Valeria inclinó ligeramente la cabeza, insegura de si aceptarlo como cumplido u observación. Quizás ambos.

—Es lo que me esfuerzo por mantener —respondió uniformemente—. En nombre y acción.

La sonrisa de Isolde se mantuvo, inquebrantable.

—Ya veo.

Hubo un momento de quietud entre ellas. Un espacio silencioso llenado solo con los sonidos ambientales de conversaciones distantes y copas tintineantes. Sin embargo, el centro del círculo ya se había desplazado, atraído magnéticamente hacia donde estaban las dos—dos legados colisionando como hilos cosidos en el mismo tapiz desde esquinas opuestas.

Entonces—por fin—Isolde habló de nuevo, con voz suave como seda estirada.

—Isolde Valoria —dijo formalmente—. Heredera de Casa Valoria del Ducado de Lorian. Y… —Sus ojos no vacilaron. Su sonrisa no cambió—. Prometida del Príncipe Adrián.

Las palabras no eran jactanciosas. No necesitaban serlo.

Simplemente aterrizaron con el peso que llevaban.

Y Valeria, siempre serena, asintió una vez.

—Valeria de Casa Olarion —respondió, con voz baja y clara—. Nombrada caballero bajo la Orden de Plata.

No hubo cambio en su postura—pero extendió su mano.

Palma hacia arriba.

Respetuosa. Formal.

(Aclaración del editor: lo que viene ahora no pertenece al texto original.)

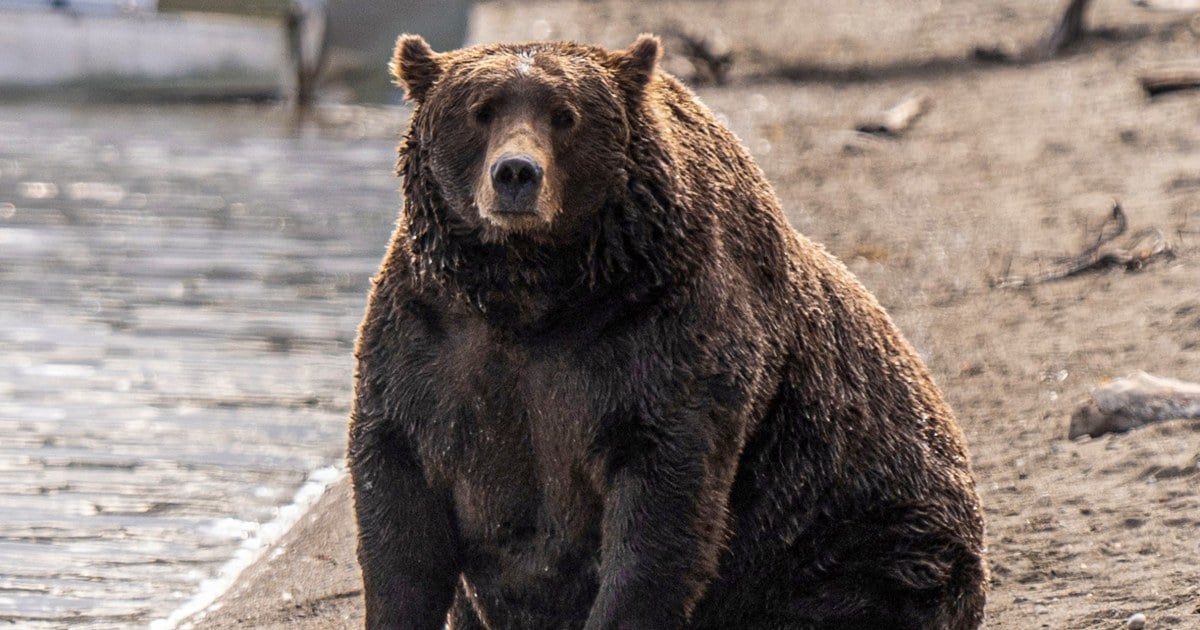 Voting begins for Alaska's Fat Bear Week after one contestant was killed in an attack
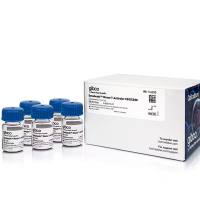 用于 T 细胞活化/扩增的 Dynabeads™ 小鼠T活化剂CD3/CD28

Un gesto de cortesía caballeresca, extendido a una igual.

La mirada de Isolde bajó, brevemente, a la mano ofrecida.

Luego dio un paso adelante y la tomó.

La mano de Isolde encontró la suya.

Fresca.

No —fría.

No el simple frío de una habitación poco atendida, o la breve frialdad de una noble cuya calidez estaba reservada solo para aparentar. Esto era algo más.

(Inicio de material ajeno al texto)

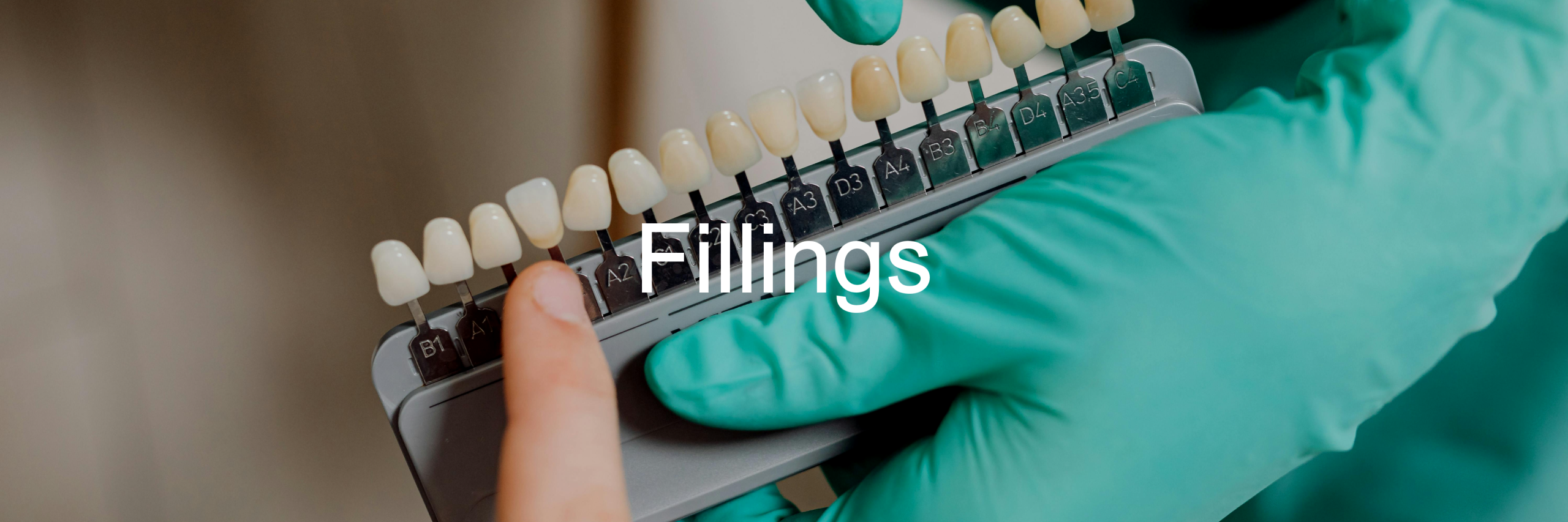 Fillings-Slider-Image2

Valeria lo notó inmediatamente.

La temperatura de sus dedos —demasiado baja para alguien tan compuesta, tan serena bajo el calor de la araña y la luz de las velas— se sentía como escarcha besada bajo seda. El tipo de frío que persistía. Silencioso. Clínico.

Como una enfermedad que nunca se había ido por completo.

Y sin embargo —no había temblor. Ni debilidad.

Ninguna señal de que la joven ante ella lo sintiera.

El agarre era ligero, pero firme. La postura de Isolde intacta, sus ojos tranquilos e inquebrantables. Su piel podría haber estado fría —pero su presencia no lo estaba. No había fragilidad en su toque. Solo precisión.

Sin vacilación.

Los instintos de caballero de Valeria, afilados y silenciosos tras una década de mando y acero, captaron algo extraño en el contraste. La extraña disonancia de un cuerpo que se movía como una bailarina, hablaba como una diplomática… y se sentía como mármol.

Pero no dijo nada.

El apretón de manos terminó.

Y así, el momento pasó —aunque el frío permaneció contra su palma como el fantasma de una presión.

Isolde regresó al círculo con la clase de suavidad practicada que lo hacía parecer no intrusivo. No exigía espacio —la gente se lo daba. No interrumpía —se integraba perfectamente en cualquier conversación que la sala quisiera tener.

Y luego la dirigía.

Una sola sonrisa.

Una sola mirada.

Eso era todo lo que necesitaba.

—Antes —dijo Isolde, con voz ligera como cuerda de terciopelo—, se mencionó que el Señor Lucavion comparte una… relación bastante única con la Señora Valeria.